◆ **DATASET EXCERPT**
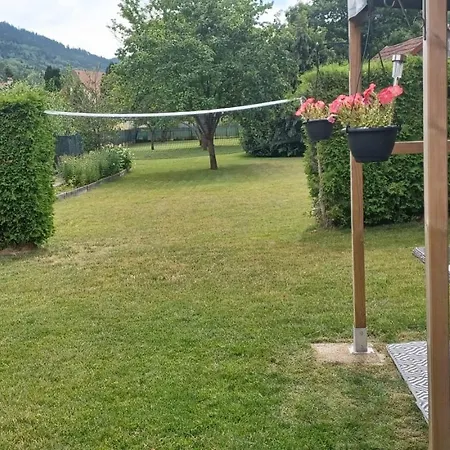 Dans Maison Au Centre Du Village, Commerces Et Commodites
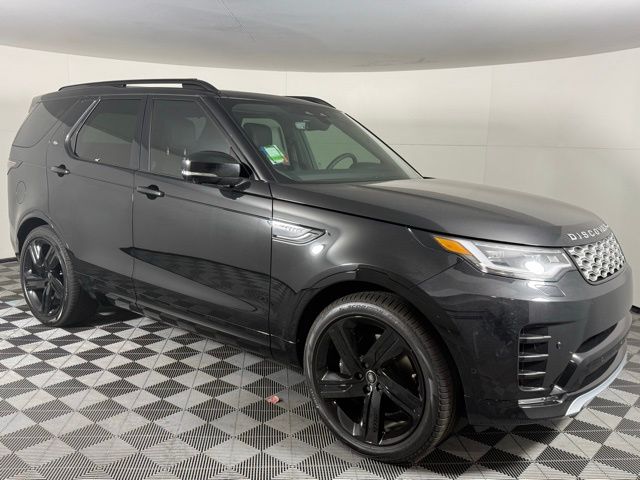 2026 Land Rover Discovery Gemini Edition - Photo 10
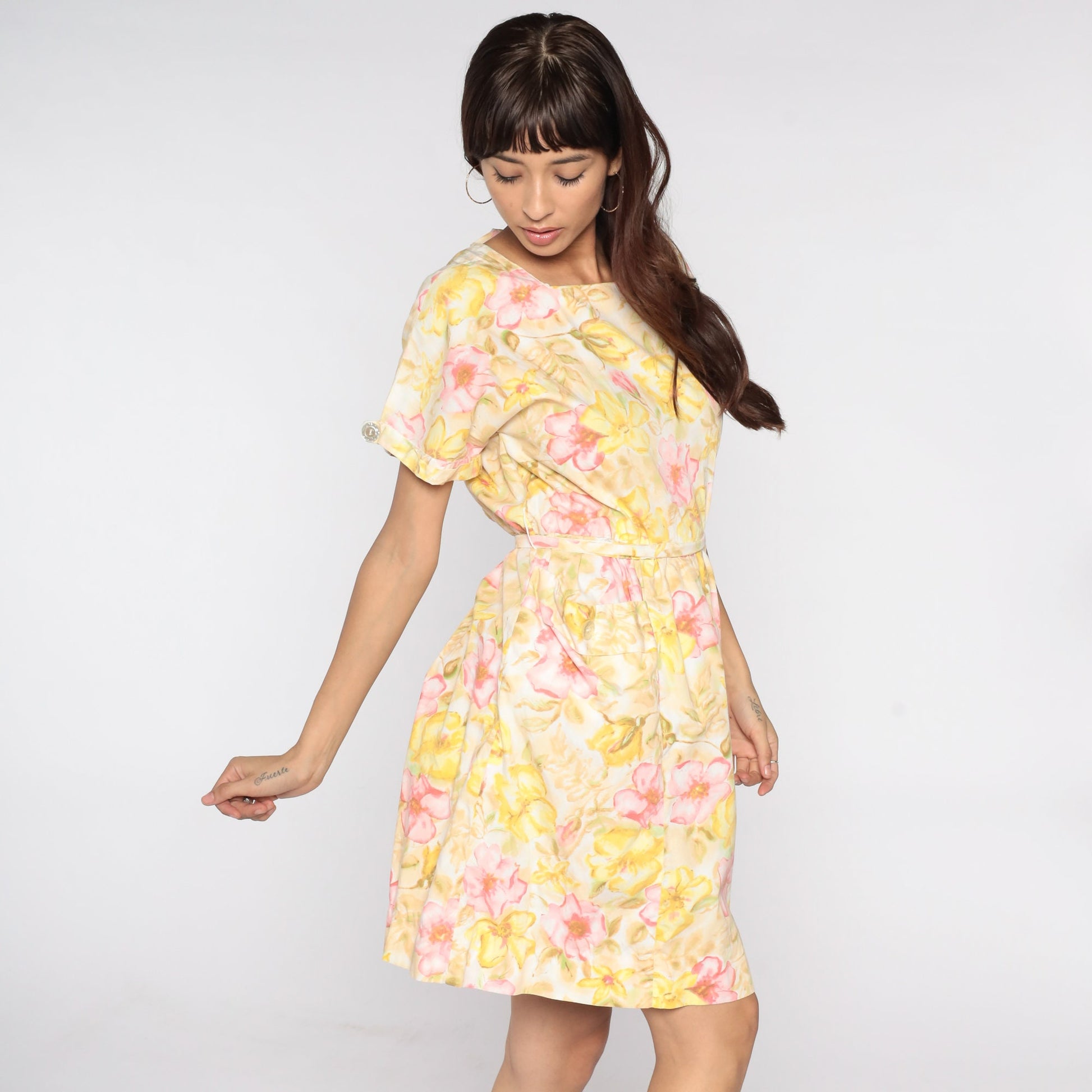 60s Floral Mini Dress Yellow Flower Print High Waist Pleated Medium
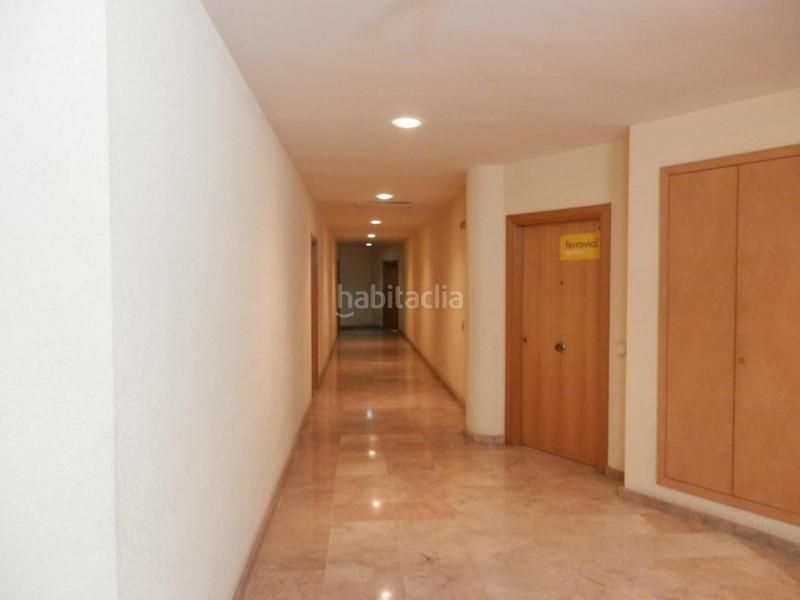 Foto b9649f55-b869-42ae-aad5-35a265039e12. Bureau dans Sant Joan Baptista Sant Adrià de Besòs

◆ **TASK STATEMENT**
Having located the line with "60s Floral Mini", transcribe exactly and only the lines from it to the final line of the material, skipping the pictures.

◆ **WRITTEN ANSWER**
 60s Floral Mini Dress Yellow Flower Print High Waist Pleated Medium
 Foto b9649f55-b869-42ae-aad5-35a265039e12. Bureau dans Sant Joan Baptista Sant Adrià de Besòs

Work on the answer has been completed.